La mirada de Simeón



Para el día de hoy (29/12/15) 

Evangelio según San Lucas 2, 22-35



El Evangelista Lucas nos presenta nuevamente a la Sagrada Familia, nombre que nosotros utilizamos desde la fé y la devoción. Sin embargo, para una mirada casual, se trata de una joven pareja con un niño pequeño en brazos que se dirigen al Templo de Jerusalem a cumplir con sus obligaciones religiosas. Son muy pobres -sus vestimentas así lo indican- y son provincianos de la Galilea de la periferia -el acento los delata-.
Pero con todo y a pesar de todo son judíos hasta los huesos, y además de los preceptos obligatorios, hacen partícipe a su bebé de las tradiciones de su pueblo.

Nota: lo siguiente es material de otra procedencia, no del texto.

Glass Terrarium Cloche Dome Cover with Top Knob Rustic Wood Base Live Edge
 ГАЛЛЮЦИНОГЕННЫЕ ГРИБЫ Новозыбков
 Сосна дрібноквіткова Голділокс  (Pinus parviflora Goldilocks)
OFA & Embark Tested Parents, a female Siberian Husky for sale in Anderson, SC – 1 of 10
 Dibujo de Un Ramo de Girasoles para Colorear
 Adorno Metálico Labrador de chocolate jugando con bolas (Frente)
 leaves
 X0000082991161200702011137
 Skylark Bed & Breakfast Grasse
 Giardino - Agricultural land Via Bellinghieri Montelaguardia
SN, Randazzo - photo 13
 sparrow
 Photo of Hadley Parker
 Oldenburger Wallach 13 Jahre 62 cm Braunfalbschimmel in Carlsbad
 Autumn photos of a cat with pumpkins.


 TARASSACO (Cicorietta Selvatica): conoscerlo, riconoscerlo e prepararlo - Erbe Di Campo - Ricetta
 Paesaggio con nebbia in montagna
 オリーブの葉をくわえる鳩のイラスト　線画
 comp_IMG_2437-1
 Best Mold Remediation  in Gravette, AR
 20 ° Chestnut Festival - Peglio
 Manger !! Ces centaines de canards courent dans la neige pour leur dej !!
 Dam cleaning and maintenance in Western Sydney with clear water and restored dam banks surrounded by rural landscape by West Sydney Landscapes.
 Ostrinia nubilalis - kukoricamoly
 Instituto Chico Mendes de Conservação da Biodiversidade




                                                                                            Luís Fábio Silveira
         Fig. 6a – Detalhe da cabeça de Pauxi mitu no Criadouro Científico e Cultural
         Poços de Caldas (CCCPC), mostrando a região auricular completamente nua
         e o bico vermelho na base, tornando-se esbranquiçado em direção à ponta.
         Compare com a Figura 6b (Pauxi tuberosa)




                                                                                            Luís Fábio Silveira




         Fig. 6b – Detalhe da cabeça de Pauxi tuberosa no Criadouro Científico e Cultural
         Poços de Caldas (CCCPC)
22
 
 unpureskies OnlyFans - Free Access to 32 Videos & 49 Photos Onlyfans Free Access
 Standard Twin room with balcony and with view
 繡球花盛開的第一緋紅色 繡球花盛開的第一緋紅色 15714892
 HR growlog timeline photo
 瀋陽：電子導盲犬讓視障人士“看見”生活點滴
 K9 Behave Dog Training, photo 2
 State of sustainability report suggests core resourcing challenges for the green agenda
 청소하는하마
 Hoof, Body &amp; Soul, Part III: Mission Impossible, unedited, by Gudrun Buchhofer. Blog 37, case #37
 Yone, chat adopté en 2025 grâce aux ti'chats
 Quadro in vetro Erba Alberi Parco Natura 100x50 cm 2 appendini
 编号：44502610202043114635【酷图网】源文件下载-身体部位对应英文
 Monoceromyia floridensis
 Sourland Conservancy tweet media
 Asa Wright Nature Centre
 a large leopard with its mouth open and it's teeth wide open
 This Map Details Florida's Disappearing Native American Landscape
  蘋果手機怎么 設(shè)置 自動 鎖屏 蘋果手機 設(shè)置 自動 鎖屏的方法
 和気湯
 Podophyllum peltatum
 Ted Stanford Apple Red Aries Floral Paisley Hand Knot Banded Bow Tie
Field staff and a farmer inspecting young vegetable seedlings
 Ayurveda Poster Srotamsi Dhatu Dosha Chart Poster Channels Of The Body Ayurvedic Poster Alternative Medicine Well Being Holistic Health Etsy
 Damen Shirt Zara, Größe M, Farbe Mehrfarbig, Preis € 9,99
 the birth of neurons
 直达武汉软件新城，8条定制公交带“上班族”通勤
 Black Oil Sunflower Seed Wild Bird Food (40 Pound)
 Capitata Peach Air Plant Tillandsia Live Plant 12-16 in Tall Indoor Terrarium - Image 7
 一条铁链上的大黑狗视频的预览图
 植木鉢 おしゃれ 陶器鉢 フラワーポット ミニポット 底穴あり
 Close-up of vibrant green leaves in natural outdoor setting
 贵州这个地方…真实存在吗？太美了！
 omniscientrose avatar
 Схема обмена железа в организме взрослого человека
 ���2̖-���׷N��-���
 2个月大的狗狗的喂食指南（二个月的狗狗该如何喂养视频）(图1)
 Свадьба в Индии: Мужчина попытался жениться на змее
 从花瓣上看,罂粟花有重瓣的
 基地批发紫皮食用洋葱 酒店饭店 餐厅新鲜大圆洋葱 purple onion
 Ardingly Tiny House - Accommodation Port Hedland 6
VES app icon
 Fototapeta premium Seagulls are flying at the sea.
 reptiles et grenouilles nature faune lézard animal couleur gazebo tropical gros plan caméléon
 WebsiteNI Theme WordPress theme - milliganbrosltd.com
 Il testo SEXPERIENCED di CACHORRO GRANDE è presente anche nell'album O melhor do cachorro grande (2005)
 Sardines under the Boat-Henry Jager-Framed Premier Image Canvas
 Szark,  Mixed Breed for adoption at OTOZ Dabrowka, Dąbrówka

Han de cumplir con rituales rígidos. Respecto de la madre reciente, debe ofrecer un sacrificio en las cercanías del Patio de las Mujeres como purificación de la parturienta. Respecto del niño, han de consagrarlo para el servicio del Templo y, a su vez, pagar un tributo o rescate, pues todos los primogénitos de Israel pertenecen a Dios, y esto tendrá mayor sentido luego de la predicación de ese Cristo que está en brazos de su Madre: todos los niños son sagrados.

Extraño tiempo acontece: la más pura acude mansamente a purificarse, el Redentor del mundo paga una ofrenda de pobre como rescate de sí mismo.

Todo ello no obsta para que sigan siendo una familia de gente pobre, invisible, circunstancial.

A ese Templo acudían durante todo el año -y mucho más durante las fiestas de guardar- miles de personas de toda Judea y de  la Diáspora. El Templo es el centro de la vida religiosa y núcleo de la identidad nacional, y es como un faro sagrado que irradia sentido a todo Israel; pero por sobre todo, el Templo es el sitio por excelencia en donde su Dios habita y en donde se manifiesta.
A las multitudes que van y vienen, hay que añadirle los sacrificios que ofrecen los sacerdotes y los diversos rituales: el humo es espeso, producto de la grasa que se quema de los animales ofrecidos en sacrificio, y también se combina con el incienso del Tabernáculo.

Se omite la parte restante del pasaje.